No ano passado, Portugal terminou com um défice baixo, de 0,3% do PIB, mas para este ano a ambição é bem maior: em outubro, Medina estimava chegar a um excedente histórico em democracia de 0,8% do PIB. Em dezembro, o Banco de Portugal, já na posse de mais dados e informação, dizia mais ainda: excedente de 1,1%.
Ora, com um excedente anual recorde e provavelmente único em décadas ao nível da contabilidade de caixa, é bem provável que este se traduza num excedente (lógica de Maastricht) muito mais elevado, talvez mais de 0,8% como diz o banco central governado por Mário Centeno.
O que nos diz a execução de 2023
Segundo a mesma fonte oficial das Finanças, "na ótica da contabilidade pública, as Administrações Públicas registaram um saldo orçamental ajustado positivo de 4.330 milhões de euros em 2023".
Como referido, abate à receita, os cerca de 3 mil milhões de euros que entraram como receita na Caixa Geral de Aposentações (Estado) com a transferência do Fundo de Pensões da Caixa Geral de Depósitos, ficando agora o Estado responsável por pagar as pensões dos reformados do banco público, os atuais e os futuros.
Segundo as Finanças, "o valor de final de ano [do saldo orçamental] diminuiu em relação ao registado em novembro (redução de 2.057 milhões de euros), mas manteve-se em terreno positivo ao contrário do que aconteceu em 2022".
"As Administrações Públicas fecharam 2022 com um défice de 3.437 milhões de euros, em contabilidade pública. Comparando com 2022, em termos homólogos e ajustados, o aumento de 7,7 mil milhões de euros no saldo (que, como referido, passou de défice a excedente histórico), resulta de "uma melhoria da receita efetiva de 12,1% – em grande parte fruto da resiliência do mercado de trabalho tanto em volume de emprego como no crescimento das remunerações (+13,6% de IRS e +10,7% de Contribuições Sociais)", diz a mesma fonte oficial das Finanças.

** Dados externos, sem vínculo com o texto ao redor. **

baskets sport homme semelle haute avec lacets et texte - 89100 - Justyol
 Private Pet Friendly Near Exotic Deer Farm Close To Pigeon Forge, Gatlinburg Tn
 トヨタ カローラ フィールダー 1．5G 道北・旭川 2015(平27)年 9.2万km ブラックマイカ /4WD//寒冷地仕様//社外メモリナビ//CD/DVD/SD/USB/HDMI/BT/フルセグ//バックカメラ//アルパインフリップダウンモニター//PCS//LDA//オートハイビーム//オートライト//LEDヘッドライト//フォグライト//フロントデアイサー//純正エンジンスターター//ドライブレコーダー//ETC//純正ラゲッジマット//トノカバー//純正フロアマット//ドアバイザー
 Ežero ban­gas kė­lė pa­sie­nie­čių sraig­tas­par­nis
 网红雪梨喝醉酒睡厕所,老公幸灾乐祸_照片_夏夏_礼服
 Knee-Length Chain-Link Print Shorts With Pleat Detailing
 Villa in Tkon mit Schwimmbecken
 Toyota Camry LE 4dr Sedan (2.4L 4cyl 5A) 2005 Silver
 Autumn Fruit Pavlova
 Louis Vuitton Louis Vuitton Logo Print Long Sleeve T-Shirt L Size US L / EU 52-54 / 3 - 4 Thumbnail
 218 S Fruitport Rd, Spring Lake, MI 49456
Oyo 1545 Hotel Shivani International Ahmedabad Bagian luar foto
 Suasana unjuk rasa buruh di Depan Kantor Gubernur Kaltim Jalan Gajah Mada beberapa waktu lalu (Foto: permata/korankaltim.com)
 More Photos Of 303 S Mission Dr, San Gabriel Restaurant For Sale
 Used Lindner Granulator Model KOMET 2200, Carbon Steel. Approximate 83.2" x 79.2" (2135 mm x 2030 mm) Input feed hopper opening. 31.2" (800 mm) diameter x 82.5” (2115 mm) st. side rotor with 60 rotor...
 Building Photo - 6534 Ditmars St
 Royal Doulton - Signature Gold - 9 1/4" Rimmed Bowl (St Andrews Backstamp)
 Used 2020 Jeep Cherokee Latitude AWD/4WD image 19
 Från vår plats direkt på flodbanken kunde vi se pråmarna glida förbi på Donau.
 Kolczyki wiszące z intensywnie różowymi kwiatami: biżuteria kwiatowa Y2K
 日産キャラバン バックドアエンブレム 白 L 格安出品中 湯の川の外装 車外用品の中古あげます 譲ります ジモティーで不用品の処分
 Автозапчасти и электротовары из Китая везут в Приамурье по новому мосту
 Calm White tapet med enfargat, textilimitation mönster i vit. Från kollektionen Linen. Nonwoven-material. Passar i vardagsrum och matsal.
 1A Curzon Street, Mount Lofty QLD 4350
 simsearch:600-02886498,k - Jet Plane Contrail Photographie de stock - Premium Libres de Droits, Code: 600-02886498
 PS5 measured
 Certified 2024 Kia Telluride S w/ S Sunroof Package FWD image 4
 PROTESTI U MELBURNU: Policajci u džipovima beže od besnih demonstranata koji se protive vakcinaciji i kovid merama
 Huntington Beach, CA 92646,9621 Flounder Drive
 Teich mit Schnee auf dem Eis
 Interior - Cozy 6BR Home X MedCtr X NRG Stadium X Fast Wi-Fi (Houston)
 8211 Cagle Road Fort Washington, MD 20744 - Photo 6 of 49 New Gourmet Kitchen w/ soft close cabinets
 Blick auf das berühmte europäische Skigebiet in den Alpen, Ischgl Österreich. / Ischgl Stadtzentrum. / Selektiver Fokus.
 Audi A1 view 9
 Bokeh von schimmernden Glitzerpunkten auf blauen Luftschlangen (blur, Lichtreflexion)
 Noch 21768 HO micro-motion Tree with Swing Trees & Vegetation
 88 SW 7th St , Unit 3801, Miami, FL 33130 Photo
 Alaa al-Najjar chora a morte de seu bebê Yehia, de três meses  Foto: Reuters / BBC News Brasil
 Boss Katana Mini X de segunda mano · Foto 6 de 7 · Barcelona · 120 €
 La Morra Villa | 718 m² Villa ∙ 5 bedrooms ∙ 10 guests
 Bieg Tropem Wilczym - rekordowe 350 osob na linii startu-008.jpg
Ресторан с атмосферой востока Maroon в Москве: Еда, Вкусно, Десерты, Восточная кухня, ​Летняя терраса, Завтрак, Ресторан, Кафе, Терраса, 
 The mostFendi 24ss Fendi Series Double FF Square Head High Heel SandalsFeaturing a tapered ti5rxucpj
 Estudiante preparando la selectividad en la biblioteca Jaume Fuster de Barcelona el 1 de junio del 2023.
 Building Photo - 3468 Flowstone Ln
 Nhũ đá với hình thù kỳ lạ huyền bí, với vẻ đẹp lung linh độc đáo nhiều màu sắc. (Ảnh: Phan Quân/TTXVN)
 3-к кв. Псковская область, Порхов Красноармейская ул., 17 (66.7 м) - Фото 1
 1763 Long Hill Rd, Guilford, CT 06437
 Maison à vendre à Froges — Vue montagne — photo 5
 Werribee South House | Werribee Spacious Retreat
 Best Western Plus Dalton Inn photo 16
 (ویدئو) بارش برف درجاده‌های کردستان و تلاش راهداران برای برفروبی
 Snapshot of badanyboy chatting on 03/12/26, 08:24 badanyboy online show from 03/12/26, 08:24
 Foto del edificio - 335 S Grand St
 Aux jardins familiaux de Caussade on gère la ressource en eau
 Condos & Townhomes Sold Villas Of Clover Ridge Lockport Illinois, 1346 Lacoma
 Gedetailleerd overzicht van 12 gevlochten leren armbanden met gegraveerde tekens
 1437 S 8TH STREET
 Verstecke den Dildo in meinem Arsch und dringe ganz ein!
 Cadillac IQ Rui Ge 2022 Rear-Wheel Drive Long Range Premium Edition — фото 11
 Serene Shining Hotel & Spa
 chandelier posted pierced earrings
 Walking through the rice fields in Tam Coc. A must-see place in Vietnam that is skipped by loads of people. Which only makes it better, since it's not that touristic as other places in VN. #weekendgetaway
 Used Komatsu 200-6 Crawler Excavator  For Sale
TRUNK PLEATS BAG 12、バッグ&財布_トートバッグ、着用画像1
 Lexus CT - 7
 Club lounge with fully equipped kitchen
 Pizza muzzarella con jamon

O aumento significativo da receita mais do que acomodou "um aumento da despesa efetiva de 9%, ajustado das medidas extraordinárias (traduzindo a redução do volume de medidas relacionadas com a Covid-19 e o montante significativo de medidas adotadas para mitigação impacto do choque geopolítico)".
"As medidas associadas ao choque geopolítico ascenderam a 2.835 milhões de euros. Deste montante, 1.209 milhões de euros são medidas com impacto no lado da despesa, destacando-se o apoio extraordinário às famílias mais vulneráveis, incluindo o apoio para crianças e jovens, e o apoio a setores de produção agrícola".
Do lado da receita, as medidas contra a crise geopolítica valem "cerca de 1.627 milhões de euros, com destaque para as de redução de tributação sobre combustíveis e alimentos", dizem as Finanças.